Saint Mechtilde of Hackeborn 13C
Saint Mechtilde of Hackeborn was born in 1240 or 1241, and she died on November 19, 1298. She was a Saxon Christian saint (from what is now Germany) and a Benedictine nun. Saint Mechtilde of Hackeborn was renowned for her musical talents, possessing a beautiful voice. Saint Mechtilde of Hackeborn was famous for her musical talents and beautiful voice, earning her the title of the “Nightingale of Helfta.” She reported that Christ called her his “nightingale” in her visions. She held the office of domina cantrix until her death, presiding over the sacred music in her convent and training the choir. Do you have a good singing voice?
Saint Mechtilde of Hackeborn Biography

Whiler we know little of her birth and childhood, we do know when Saint Mechtilde of Hackeborn was seven years old, she was taken by her mother on a visit to her elder sister Gertrude, at that time a nun in the Cistercian monastery in Rodersdorf, she became so enamoured of the cloister that her parents yielded to her requests and allowed her to enter the alumnate. Here, being highly gifted in mind as well as in body, she made remarkable progress in virtue and learning.
Ten years later, in 1258, Saint Mechtilde of Hackeborn followed her sister, who, now abbess, had transferred the monastery to an estate at Helfta given her by her brothers Louis and Albert. As a nun, she was soon distinguished for her humility, her fervour, and the amiability which had characterized her from childhood.
Saint Mechtilde of Hackeborn joined the convent and eventually became the headmistress of the convent school. She was employed in the convent looking after the library, illuminating scripts, and writing her own texts in Latin. Mechtilde wrote many prayers. In 1261, the abbess committed to her care a five-year-old child, who in later generations became known as Gertrude the Great.
She had divine revelations. The Lord would say to her: “Everything you have and by which you can please Me you have from Me and through Me.” In one extraordinary vision, she perceived that “the smallest details of creation are reflected in the Holy Trinity by means of the Humanity of Christ, because it is from the same earth that produced them that Christ drew His Humanity.”
While Julian of Norwich (1342–about 1416) is the most noteworthy English author to employ the idea of God as mother, the concept did not originate with her.

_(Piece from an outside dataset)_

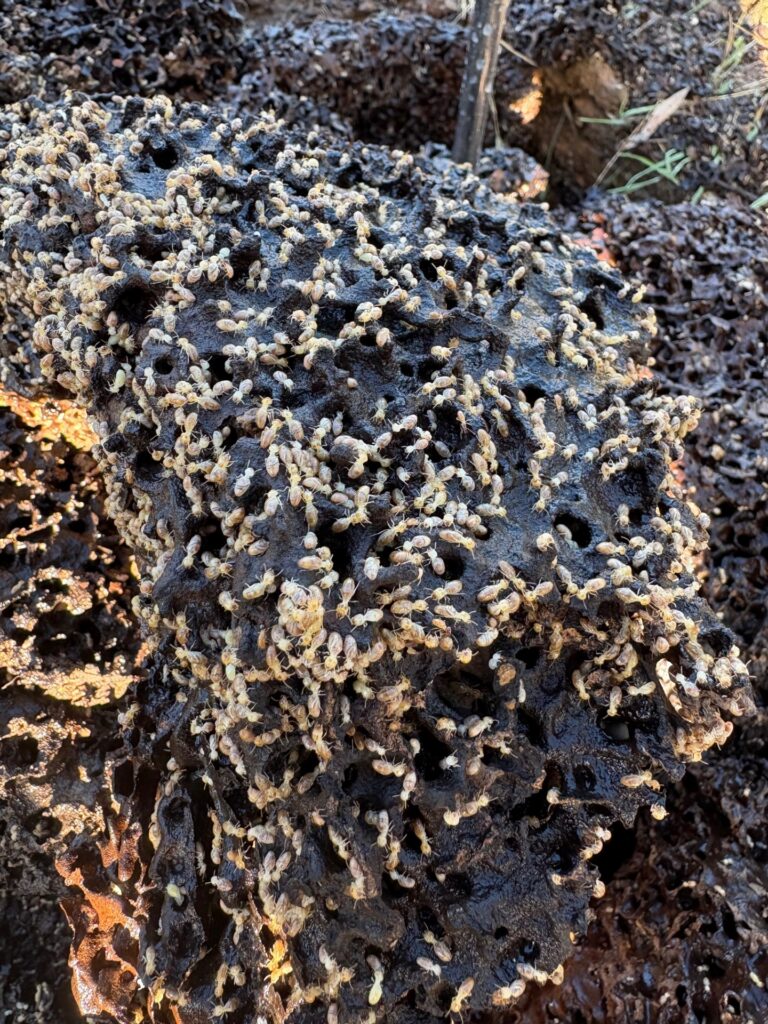 Termite close-up — the threat a chemical soil barrier stops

Anselm of Canterbury (1033–1109) had already fostered devotion to “our Lord, our Mother.” The Cistercians and Carthusians spread it by the use of these prayers in their monasteries, and women such as Marguerite d’Oyngt (d. 1310) and Saint Mechthild of Hackeborn took it up. In the description of her visions, Christ, the Virgin, and other members of the hierarchy of heaven enter as living realities. She was particularly fond of the angels, whom she loved to picture as the associates of men on earth and in heaven.
Saint Mechtilde of Hackeborn Veneration

There is a gilded wooden statue of Saint Mechtilde of Hackeborn at the side chapel dedicated to St. Scholastica in the Benedictine Abbey church at Tyniec, Poland. Dressed in a monastic habit, she wears a cross indicating that she is an abbess. The Sisters of St. Benedict’s of Ferdinand, Indiana, sponsor a “Mechtilde of Hackeborn Sacred Music Series,”supported through an endowment established by the Verkamp Family in honor of Sister Mary Aquin and Sister Mary Ann Verkamp.
Conclusion
The visions of Saint Mechtilde of Hackborn were written down in a book, La Laude di donna Matelda. 400 years later. It was printed chapbooks in the emblem style that had made the devotion widespread in Europe. It was elevated under this name to a universal feast on the liturgical calendar with Mass and Office proper composed by the French cleric John Eudes. (Another female religious, Mary Margaret Alacoque, spread the devotion among urban illiterate lay faithful of France with numerous testimonies of her supernatural visions of Christ’s passion, imagined as an inflamed pierced heart, encircled with thorns). Saint Mechtilde of Hackborn died in the monastery of Helfta on November 19, 1298.